OccurrenceCube Class
- class b3alien.b3cube.OccurrenceCube(filepath: str, source='geoparquet', gproject='', dims=None, coords=None, index_col=None)[source]
Bases:
objectLoad a GeoParquet file (local or from GCS) into a sparse xarray cube.
- Parameters:
filepath (str) – Path to the GeoParquet file (e.g. ‘gs://bucket/file.parquet’).
dims (list or tuple, optional) – Dimension names. Default is [‘time’, ‘cell’, ‘species’].
coords (dict, optional) – Optional coordinates to assign to the cube.

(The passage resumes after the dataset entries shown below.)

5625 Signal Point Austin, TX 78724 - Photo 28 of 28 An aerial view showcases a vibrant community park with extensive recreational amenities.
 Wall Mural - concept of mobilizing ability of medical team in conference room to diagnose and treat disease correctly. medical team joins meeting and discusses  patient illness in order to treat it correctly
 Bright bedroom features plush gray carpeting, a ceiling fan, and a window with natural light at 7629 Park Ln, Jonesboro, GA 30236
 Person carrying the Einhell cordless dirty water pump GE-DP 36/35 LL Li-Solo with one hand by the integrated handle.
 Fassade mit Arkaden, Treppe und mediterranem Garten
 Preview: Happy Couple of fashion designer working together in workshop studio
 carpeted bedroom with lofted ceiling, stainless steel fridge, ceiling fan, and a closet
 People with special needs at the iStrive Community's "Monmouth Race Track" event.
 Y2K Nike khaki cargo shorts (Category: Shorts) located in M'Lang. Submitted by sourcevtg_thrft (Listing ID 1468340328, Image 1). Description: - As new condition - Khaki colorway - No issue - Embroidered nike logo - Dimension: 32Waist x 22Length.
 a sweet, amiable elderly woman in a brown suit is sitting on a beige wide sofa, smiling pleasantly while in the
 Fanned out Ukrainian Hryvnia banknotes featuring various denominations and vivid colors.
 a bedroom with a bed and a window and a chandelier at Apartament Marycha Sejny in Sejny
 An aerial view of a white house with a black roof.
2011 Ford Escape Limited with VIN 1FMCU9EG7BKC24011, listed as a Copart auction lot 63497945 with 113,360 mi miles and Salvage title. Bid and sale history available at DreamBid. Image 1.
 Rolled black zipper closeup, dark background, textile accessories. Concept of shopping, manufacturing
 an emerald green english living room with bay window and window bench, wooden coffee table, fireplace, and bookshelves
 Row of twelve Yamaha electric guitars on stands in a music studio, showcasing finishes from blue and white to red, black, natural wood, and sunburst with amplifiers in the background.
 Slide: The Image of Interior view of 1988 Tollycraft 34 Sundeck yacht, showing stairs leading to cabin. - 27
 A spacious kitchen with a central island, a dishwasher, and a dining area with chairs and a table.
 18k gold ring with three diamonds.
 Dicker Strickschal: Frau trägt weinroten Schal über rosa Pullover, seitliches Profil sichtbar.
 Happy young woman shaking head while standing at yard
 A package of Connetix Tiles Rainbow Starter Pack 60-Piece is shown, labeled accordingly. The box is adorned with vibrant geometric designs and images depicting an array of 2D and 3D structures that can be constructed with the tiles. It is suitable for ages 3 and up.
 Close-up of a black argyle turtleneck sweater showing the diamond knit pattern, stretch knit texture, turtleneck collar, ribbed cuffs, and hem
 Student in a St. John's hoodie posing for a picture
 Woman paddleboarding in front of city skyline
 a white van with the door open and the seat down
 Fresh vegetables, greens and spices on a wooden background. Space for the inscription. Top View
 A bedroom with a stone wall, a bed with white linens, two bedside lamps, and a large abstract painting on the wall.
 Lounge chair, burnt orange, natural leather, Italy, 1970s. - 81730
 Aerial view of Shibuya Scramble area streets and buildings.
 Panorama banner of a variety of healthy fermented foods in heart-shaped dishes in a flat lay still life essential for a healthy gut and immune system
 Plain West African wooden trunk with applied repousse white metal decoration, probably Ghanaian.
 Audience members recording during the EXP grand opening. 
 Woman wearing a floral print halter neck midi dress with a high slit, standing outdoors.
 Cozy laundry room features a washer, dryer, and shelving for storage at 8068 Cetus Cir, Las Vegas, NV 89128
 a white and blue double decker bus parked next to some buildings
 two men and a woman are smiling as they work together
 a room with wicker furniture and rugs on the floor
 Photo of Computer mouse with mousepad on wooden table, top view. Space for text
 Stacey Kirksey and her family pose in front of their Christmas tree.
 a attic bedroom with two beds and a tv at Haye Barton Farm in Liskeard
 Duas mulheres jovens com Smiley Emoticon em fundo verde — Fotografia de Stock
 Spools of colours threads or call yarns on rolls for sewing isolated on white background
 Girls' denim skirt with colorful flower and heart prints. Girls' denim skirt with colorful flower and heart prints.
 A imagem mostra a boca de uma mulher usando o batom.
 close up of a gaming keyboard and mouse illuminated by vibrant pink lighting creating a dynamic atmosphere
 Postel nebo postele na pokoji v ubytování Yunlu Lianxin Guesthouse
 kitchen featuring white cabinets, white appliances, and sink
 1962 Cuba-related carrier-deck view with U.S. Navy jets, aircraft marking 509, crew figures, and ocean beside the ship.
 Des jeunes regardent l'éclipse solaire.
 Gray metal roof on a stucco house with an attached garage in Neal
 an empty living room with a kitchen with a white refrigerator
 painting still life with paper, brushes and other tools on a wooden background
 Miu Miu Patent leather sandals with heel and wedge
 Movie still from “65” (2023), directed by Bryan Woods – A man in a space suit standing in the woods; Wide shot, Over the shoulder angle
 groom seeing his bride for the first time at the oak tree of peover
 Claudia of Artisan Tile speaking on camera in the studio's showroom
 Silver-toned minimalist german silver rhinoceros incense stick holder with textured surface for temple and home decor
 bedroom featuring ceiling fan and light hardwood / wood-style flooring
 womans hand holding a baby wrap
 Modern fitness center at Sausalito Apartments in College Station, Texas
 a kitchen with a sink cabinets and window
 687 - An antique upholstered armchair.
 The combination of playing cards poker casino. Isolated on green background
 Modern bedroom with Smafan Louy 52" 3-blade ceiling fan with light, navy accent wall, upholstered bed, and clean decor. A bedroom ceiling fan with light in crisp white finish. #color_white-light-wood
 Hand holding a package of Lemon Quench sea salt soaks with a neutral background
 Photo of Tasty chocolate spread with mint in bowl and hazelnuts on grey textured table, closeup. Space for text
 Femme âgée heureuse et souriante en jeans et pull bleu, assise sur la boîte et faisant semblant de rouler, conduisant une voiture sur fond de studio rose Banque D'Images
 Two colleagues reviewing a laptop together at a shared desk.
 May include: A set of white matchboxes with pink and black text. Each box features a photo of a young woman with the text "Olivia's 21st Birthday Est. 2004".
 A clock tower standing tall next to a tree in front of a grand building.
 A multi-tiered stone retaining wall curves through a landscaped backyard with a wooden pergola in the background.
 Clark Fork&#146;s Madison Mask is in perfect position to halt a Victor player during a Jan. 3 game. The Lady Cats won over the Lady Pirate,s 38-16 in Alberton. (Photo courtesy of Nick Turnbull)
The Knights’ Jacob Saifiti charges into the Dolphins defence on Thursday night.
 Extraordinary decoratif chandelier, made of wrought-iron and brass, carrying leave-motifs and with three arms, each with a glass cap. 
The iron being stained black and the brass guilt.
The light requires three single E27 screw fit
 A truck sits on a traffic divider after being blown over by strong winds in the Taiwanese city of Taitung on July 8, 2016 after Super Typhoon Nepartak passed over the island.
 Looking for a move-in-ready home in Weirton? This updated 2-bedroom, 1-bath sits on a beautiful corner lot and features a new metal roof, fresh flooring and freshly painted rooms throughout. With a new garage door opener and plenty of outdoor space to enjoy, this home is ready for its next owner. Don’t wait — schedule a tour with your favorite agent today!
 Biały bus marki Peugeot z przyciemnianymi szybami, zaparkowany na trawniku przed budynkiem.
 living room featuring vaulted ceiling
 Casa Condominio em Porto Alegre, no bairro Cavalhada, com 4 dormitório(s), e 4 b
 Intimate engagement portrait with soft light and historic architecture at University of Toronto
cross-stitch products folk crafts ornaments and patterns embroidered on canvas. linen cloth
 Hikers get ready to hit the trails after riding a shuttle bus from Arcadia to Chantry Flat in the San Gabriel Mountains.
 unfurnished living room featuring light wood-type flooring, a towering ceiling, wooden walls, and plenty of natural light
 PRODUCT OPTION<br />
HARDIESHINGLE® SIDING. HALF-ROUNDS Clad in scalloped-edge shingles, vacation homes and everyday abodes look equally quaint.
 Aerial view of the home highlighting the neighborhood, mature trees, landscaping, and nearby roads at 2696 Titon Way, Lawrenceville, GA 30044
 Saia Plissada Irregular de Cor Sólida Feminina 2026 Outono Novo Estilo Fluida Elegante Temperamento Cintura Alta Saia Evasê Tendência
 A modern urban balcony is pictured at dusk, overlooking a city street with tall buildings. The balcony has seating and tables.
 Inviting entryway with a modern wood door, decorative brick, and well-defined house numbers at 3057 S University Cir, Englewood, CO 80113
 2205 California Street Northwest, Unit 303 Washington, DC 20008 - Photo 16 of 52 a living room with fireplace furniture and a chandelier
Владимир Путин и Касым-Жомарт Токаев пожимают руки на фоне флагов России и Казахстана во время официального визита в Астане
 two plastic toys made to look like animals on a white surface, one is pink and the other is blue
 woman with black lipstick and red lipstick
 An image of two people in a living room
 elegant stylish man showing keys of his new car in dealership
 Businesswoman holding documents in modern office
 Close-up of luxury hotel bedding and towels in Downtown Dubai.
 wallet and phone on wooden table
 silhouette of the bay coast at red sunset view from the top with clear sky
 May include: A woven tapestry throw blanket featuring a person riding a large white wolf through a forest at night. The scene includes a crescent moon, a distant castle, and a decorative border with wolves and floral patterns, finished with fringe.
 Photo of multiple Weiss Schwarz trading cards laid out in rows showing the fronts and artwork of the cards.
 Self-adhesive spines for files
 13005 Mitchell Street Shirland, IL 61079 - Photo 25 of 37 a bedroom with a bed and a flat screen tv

index_col (str or list, optional) – Column(s) to use for reshaping if needed.
- Returns:
A sparse data cube loaded from the GeoParquet file. self.df contains a geopandas.DataFrame self.data a sparse xarray.Xarray
- Return type:
- _create_xcube(df, dims=('time', 'cell', 'species'))[source]
This function converts a GeoDataFrame into a sparse xarray cube with geometry metadata in case a GeoParquet file was loaded. In case of a pure GBIF cube, the geometry is ignored.
- _filter_species(speciesKey)[source]
Filter the cube to only include data for a specific speciesKey.
- Parameters:
speciesKey (int or str) – The GBIF speciesKey to filter on.
- Returns:
Updates self.df and self.data to only include the specified speciesKey.
- Return type:
None
- _load_gbifcsv(path)[source]
Load a GBIF CSV file from local disk using Pandas. Assumes tab-separated values.
- _load_geoparquet(path, gproject)[source]
Load a GeoParquet file from local disk or GCS using GeoPandas.
- _species_richness(normalized=False)[source]
Calculate species richness per cell from the sparse cube. :param normalized: Whether to compute normalized richness (richness / total occurrences). :type normalized: bool
- Returns:
Sets self.richness as a DataFrame with columns ‘cell’ and ‘richness’ or ‘normalized_richness’.
- Return type:
None
Biodiversity data cube functions
- b3alien.b3cube.aggregate_count_per_cell(cube, taxonRank, taxon)[source]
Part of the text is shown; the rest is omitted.